Let’s make a comparison to a few other beauty routines that we, as women, suffer through and/or delight in.

1) Hair perming, trimming, dyeing, weaves, extensions, etc. etc. This costs money, time, and very often pain. But is it worth the money? I think so. These things last a long time. Six weeks in which to merrily flock around the city (or country) and show off some sexy locks.

2) Make-up. Yes, you have to put it on and take it off every day. But, you invest in a nice set of brushes, they’ll last half a year. You buy some good eyeliner and mascara, you get 4 to 6 months. It’s an investment that lasts.

3) Clothes. These last years. You rip it, you fix it. It’s too short? You go exchange it. Nothing matches? Go buy a counterpart.

4) Shoes. They get their own category. There is never anything wrong with buying shoes. Period. Consult Kelly. (OMG, shoooes!)

Nails, on the other hand, have the half life of a mosquitoes mating cycle.
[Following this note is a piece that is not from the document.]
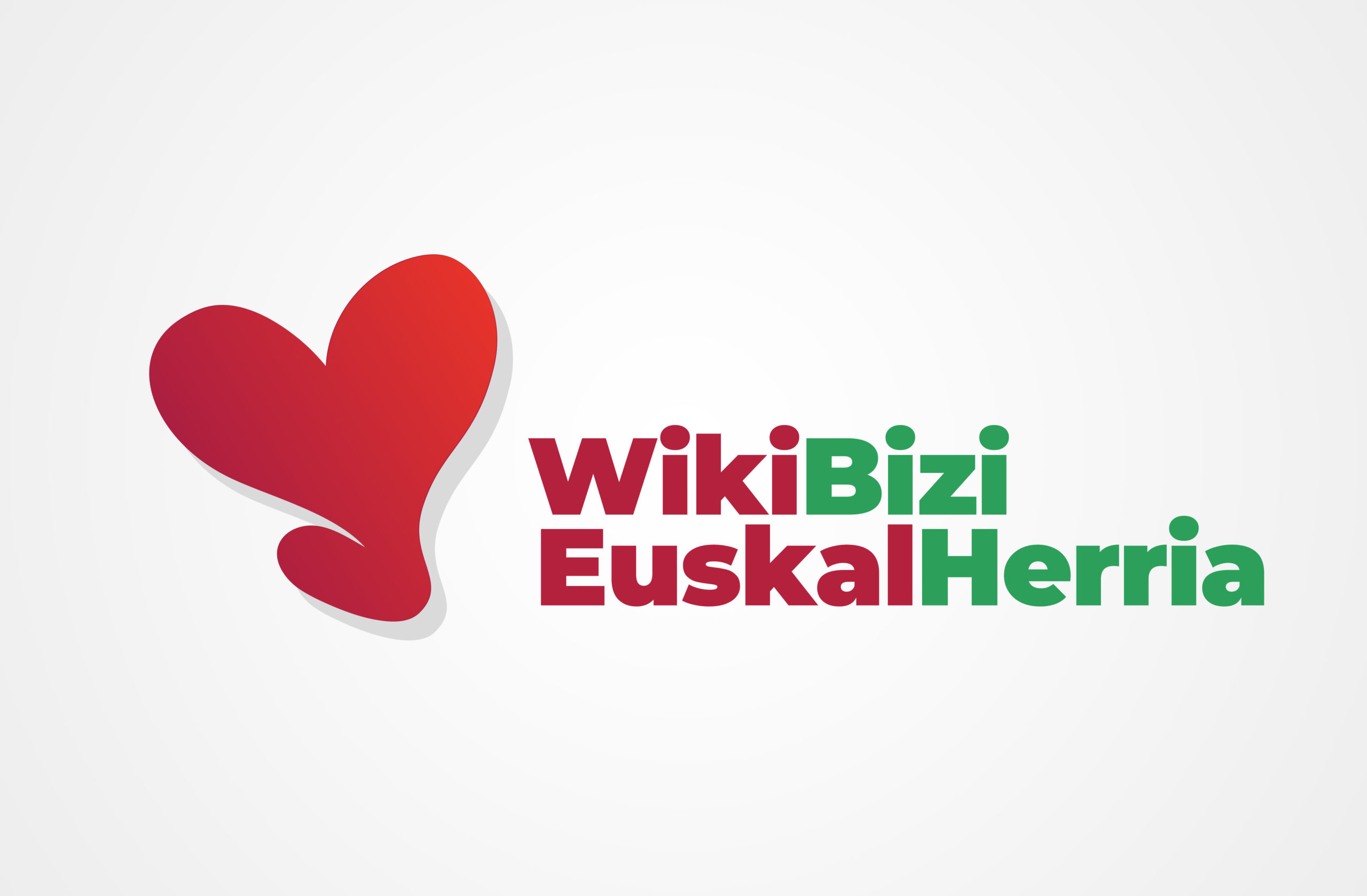 WikiBizi Euskal Herria, proposamen bat 2020ko udarako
You spend nearly an hour getting them done and by the time you’re at the car, some random act has already chipped away one bit of costly nail polish from an unsuspecting digit’s nail. Two weeks later, you’re due back because the nails look like they’ve been through an all out beauty war.

If you get acrylics, you have your nails bulldozed and then attached to man-made chemicals that make you gag whilst having them applied. These, too, have a short lifespan.
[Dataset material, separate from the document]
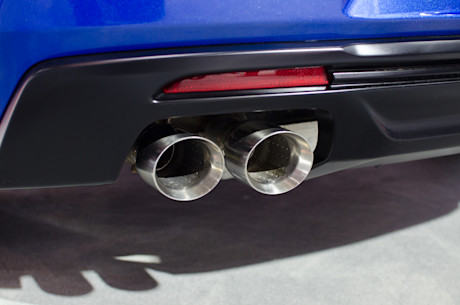 Editorial exhaust 4 of 32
All of this drivel declares that we women are blindly devoted to beauty. We judge people who aren’t as devoted. A few friends and I were once on the Metro in DC and we counted how many women did NOT have their toe nails done during our hour long ride into the heart of Virginia. The total out of about 60 women was this: 2. TWO. Only two women did not have their toenails done. One of whom was me. Whether professionally done or whether it was a home project, these women had all taken the time to do their nails. WOW. We are shallow.


But, that said, I sometimes hate the fact that my work keeps me from prettifying my nails. I really do. I will paint my nails and take the polish off for every gig I play. Do you KNOW how often that is? I play gigs almost once a week. How much nail polish remover have I inhaled because of this? Maybe that is what’s caused this downward spiral into nail hell…

Anywho, thoughts on my rambling? Anyone? Anyone?


Man is a wingless animal with two feet and flat nails. -Plato

4 responses to “Nails and the Modern Woman”

    • Isn’t it just? That’s why I chose it. People are nuts. I feel nuts sometimes thinking about this little, inane, inconsequential things.

      And he doesn’t need to get anything done. He flashes the claws and people do it for him.

  1. You know, I have a dichotomy here as well. Somedays I’ll bust out the make-up, straighten my hair and actually file my nails instead of clip them. Most days I throw my hair up in a clip and headband (darn bangs), put some sunscreen on (I’m pale and in the Sunshine State), shorts, a tee and slip on the chancletas (flip flops). The inner me is a diva, but the outer me is a lazy ass. Now my SISTER. Holy mother of god. She can take an hour to choose an outfit…but she’s so cute I can forgive her.

  2. *Laughs* I am the ~worst~ person to ask. I stay away from all forms of self-beautification. I feel like I’m being cooked like a chicken. I agree with you though long nails do get in the way of daily tasks. I keep mine short. I don’t do my toe nails either. It’d be quite a site if I did my toe nails instead of my nails. My normal shoe wear is just sneakers. Sneakers and socks.

    Yes, I am the very opposite of how most women are. I get that a lot.